If you use query strings (in the sense of a GET) then there is a danger of the data being logged by proxy servers, hitting URI length issues, and being unable to batch.

Many thanks Roger, that's all super-helpful!

Have you tried http://www.kontagent.com?

All I find is marketing.

Another lesson learned the hard way is that I will not touch any analytics SDK code unless it is open source. It needs to have an actual clear license attached.

We got bitten with Google Analytics, because it can only report against one ID. That means if a library in the app also uses GA, then you can't have the different parts using different ids. This turned out to be a showstopper and they had no code to examine.

You can take a look at http://count.ly if you are looking for an open source solution. It has a Node.js + MongoDB server and Android & iOS SDKs. (Yes I'm the developer)
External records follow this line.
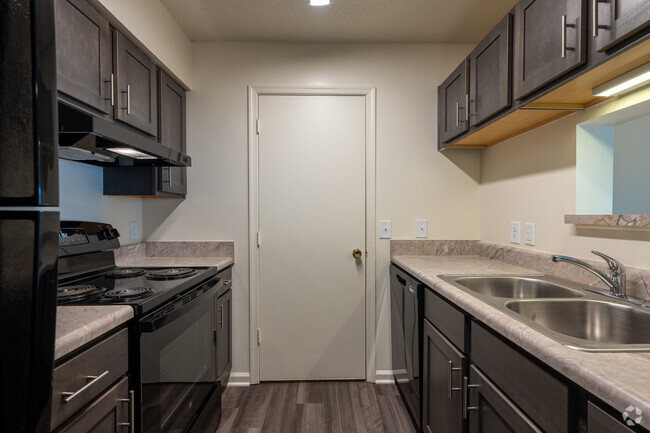 3BR, 2BA - Kitchen - Salem Run Apartments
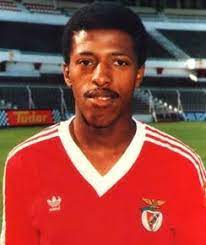 Um jogador que nunca se conseguiu afirmar no benfica e não foi por falta de oportunidades disso penso que ele não se pode queixar. Chiquinho In De Aguia Ao Peito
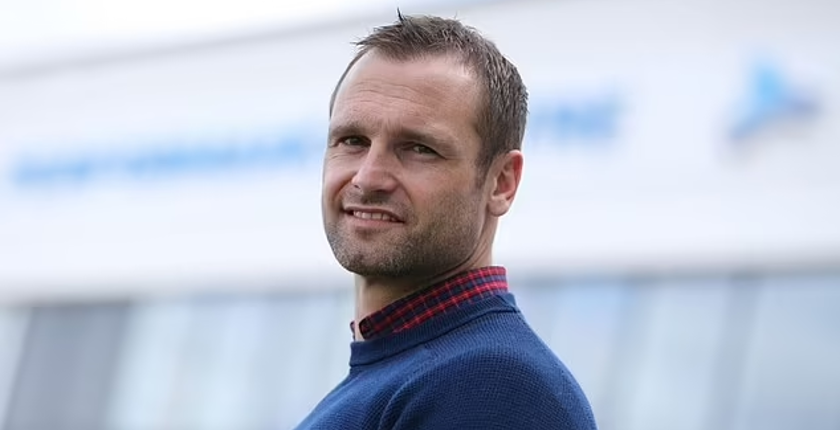 Những “chuyên gia chuyển nhượng” của các đội bóng lớn Họ là ai (Phần 1) 2 Những “chuyên gia chuyển nhượng” của các đội bóng lớn Họ là ai (Phần 1) 2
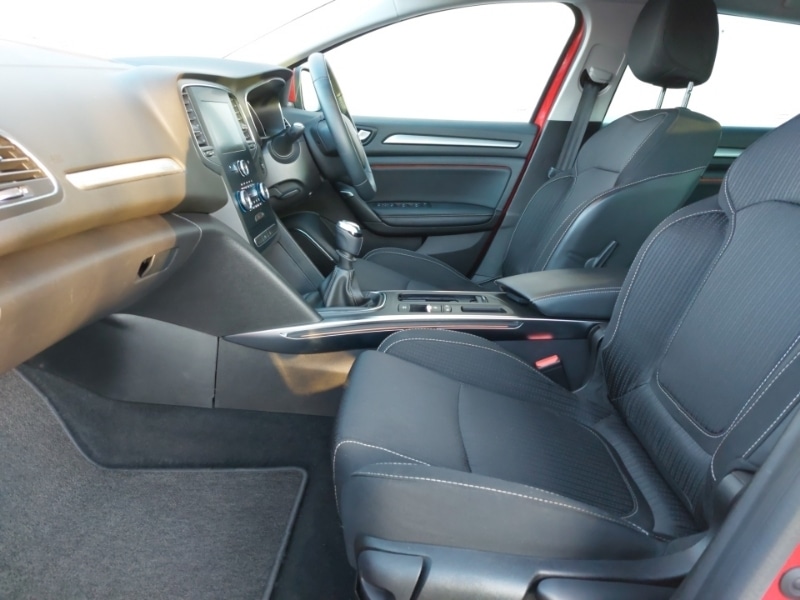 Used Renault Megane 2019 for sale - 77184008: Photo 5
It only matters that the client is open source (note I didn't say free software). This is so you can read the code and be proactive about issues in it. For example the mixpanel client for Android caused one thread to be created whose sole purpose was to fire a timer event every 60 seconds, which was used in a second thread to see if there was any work to do. It is a lot easier to figure out stuff like that is happening from the source than to try and work out who is responsible for extra threads showing up in the debugger. If there is a suitable license then you can at least modify and redistribute the changed code.
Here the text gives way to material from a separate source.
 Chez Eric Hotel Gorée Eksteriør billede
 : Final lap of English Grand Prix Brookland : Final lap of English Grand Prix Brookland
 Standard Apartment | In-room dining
We do actually do our import and custom processing in MongoDB, so that side is covered.

That's because it's not free. In general, you get what you pay for.

I had some trouble setting this up. Already a MixPanel customer, incase you were not aware, you need to update your API include. (Follow the links from your dashboard for the snippet).

If you want to see the power of how useful this really is, you should look at :


I think that the "Sales Page" doesn't do this new service justice. It's quite staggering how useful this is. It basically allows you to segment your users and keep in touch with users of whom you have identified might be power users, or users who might fall into your "danger cohort". For example, you might notice a trend that users who don't "do event X" within the last 7 days, are most likely not going to return.

Tracking the events in your application and then identifying these events as originating from a particular user, allows you to then find these users.

This is of course just one example.

Look at the documentation on People Analytics for more ideas...


This is great to see, trying right now.

Btw - We've avoided this in past using Google Analytics as in the TOS they mention (http://www.google.com/analytics/tos.html).

7. PRIVACY . You will not (and will not allow any third party to) use the Service to track or collect personally identifiable information of Internet users, nor will You (or will You allow any third party to) associate any data gathered from Your website(s) (or such third parties' website(s)) with any personally identifying information from any source as part of Your use (or such third parties' use) of the Service. You will have and abide by an appropriate privacy policy and will comply with all applicable laws relating to the collection of information from visitors to Your websites. You must post a privacy policy and that policy must provide notice of your use of a cookie that collects anonymous traffic data.

Hadn't heard of https://www.intercom.io/ - thanks for sharing @reustle.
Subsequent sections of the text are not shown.